Leave every image out, and return the rest of the data word for word.

### [DATA BLOCK]

------------------------

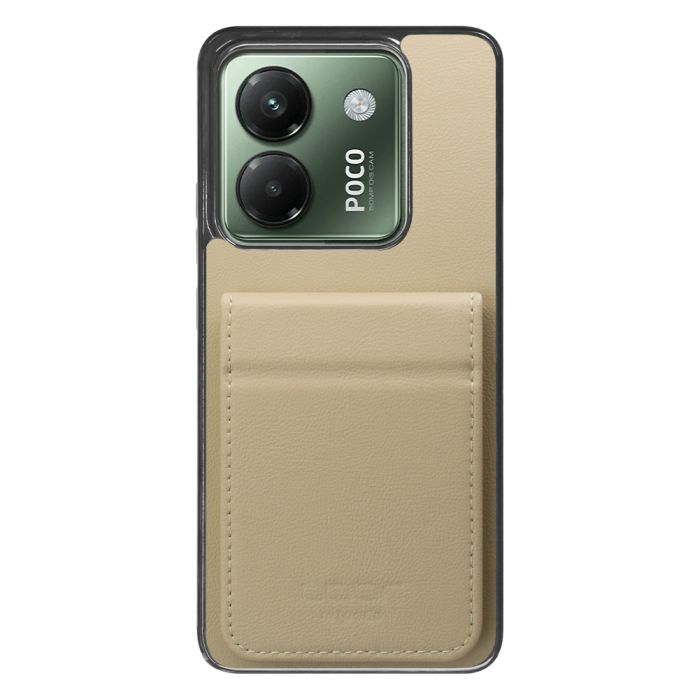[ LOOF BASIC-SHELL SLIM CARD 2カード ] POCO M7 Pro 5G Xiaomi シャオミ ケース 背面 カード収納 カード入れ カードポケット カバー スマホケース 薄型 大容量 本革 [ POCO M7 Pro 5G ]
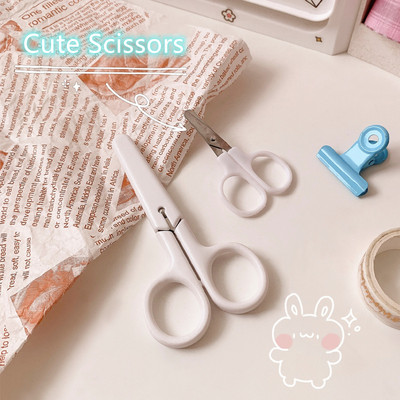 Yisuremia New Arrival 1бр Kawaii Mini Student Safety Art Scissors Cute Craft Paper Cutting Knife Училищни канцеларски материали за деца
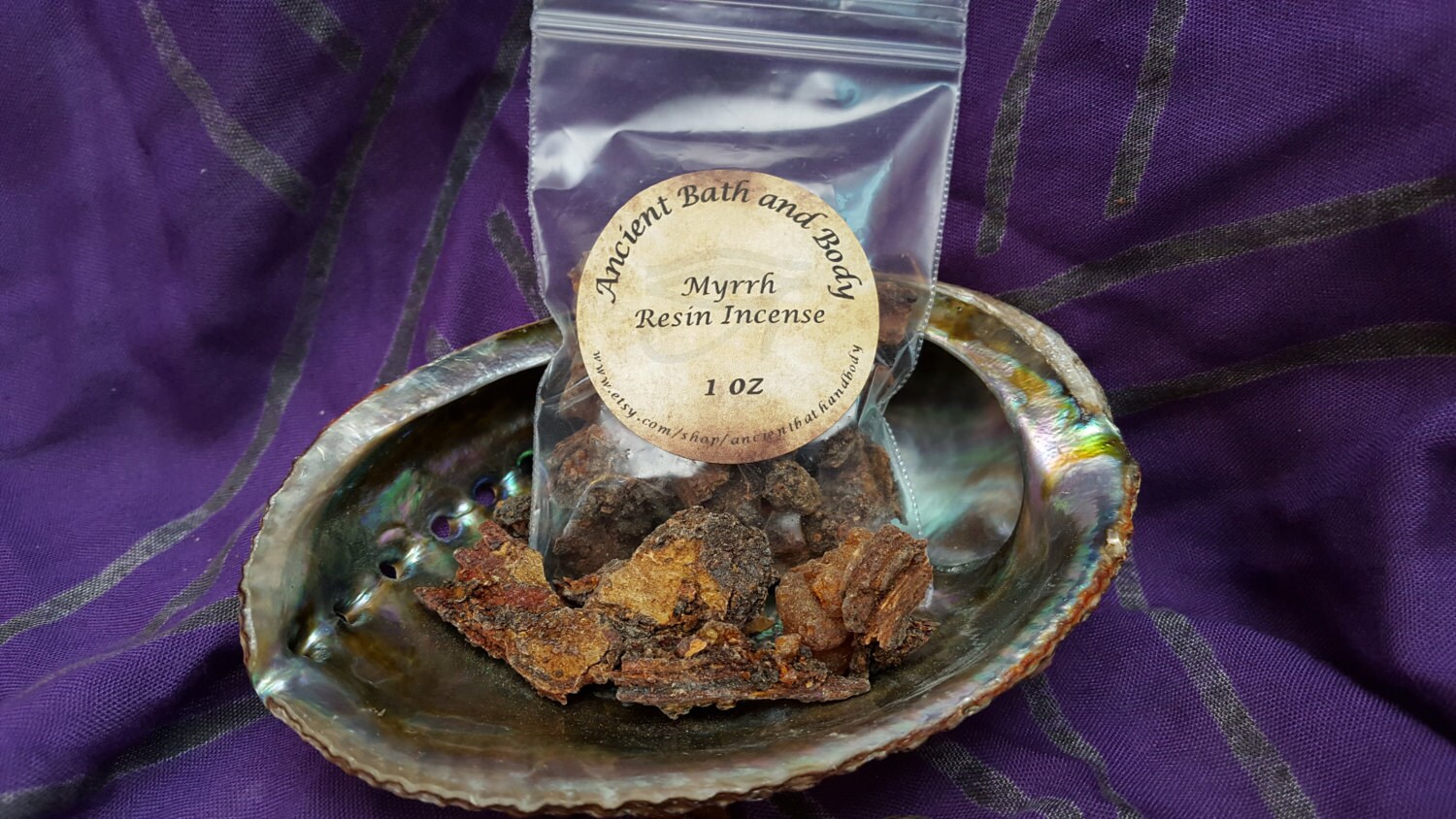Myrrh Resin Incense 1oz Spiritual Incense Ritual Incense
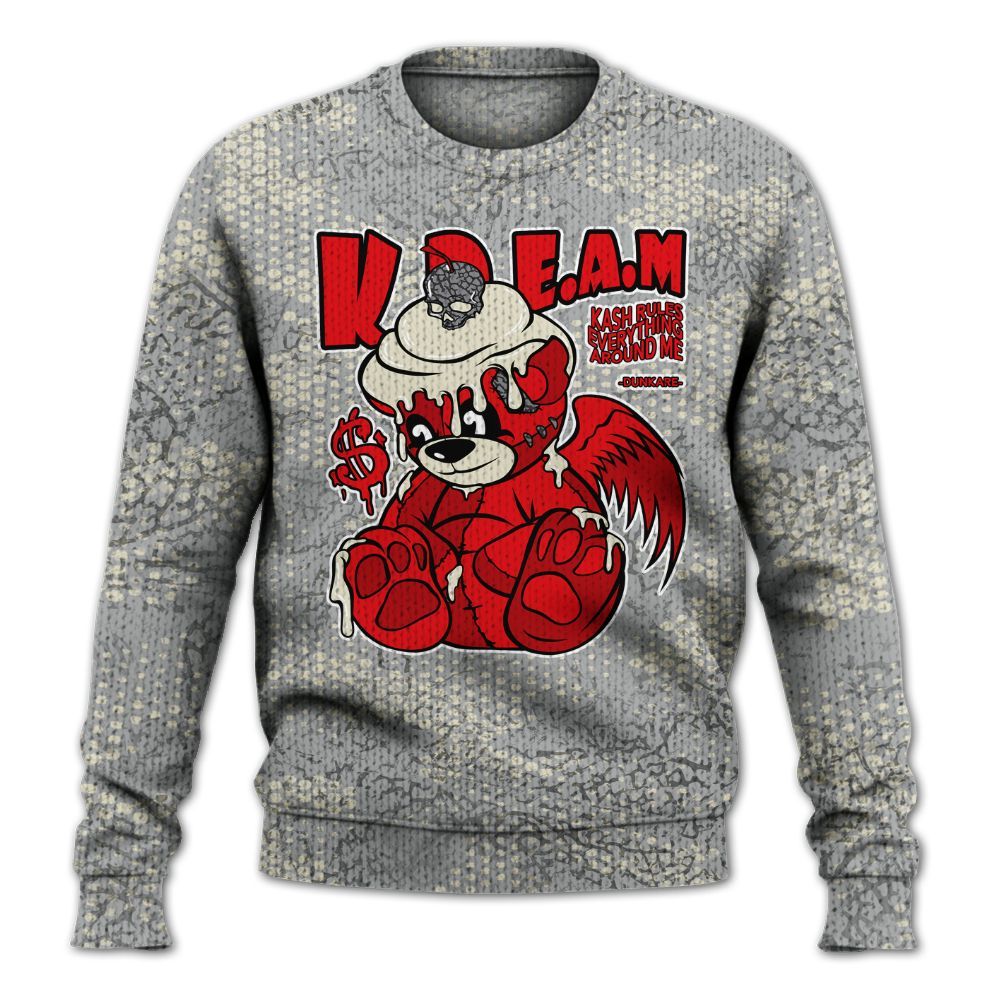 Knitted Sweater To Match Cement Grey 3s - Loot Bear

------------------------

### [ANSWER FOR THIS EXERCISE]
[ LOOF BASIC-SHELL SLIM CARD 2カード ] POCO M7 Pro 5G Xiaomi シャオミ ケース 背面 カード収納 カード入れ カードポケット カバー スマホケース 薄型 大容量 本革 [ POCO M7 Pro 5G ]
 Yisuremia New Arrival 1бр Kawaii Mini Student Safety Art Scissors Cute Craft Paper Cutting Knife Училищни канцеларски материали за деца
Myrrh Resin Incense 1oz Spiritual Incense Ritual Incense
 Knitted Sweater To Match Cement Grey 3s - Loot Bear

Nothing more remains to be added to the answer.